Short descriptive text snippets
★ ★ ★ ★ ★ ★ ★

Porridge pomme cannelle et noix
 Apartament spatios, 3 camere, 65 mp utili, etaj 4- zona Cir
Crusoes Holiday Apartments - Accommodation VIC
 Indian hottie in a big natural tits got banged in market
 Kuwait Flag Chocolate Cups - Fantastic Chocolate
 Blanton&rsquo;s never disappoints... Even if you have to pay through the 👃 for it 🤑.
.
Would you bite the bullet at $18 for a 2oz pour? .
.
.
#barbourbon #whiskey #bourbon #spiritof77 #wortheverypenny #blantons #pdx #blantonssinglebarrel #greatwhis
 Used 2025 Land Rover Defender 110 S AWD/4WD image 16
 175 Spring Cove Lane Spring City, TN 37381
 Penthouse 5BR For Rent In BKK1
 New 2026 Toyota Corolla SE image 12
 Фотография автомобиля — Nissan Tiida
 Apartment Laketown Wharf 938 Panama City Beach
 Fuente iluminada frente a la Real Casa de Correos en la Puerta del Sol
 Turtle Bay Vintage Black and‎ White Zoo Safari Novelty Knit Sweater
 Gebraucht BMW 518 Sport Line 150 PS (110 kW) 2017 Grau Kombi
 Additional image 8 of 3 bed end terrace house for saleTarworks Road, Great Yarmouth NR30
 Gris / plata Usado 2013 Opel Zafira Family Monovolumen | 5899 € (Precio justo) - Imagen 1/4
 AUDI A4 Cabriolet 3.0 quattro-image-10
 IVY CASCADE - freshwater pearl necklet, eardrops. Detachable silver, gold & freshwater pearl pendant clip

★ ★ ★ ★ ★ ★ ★

* [Requirement]:
Respond with only the number of lines in the data that include the string "City".

* [Answer box]:
2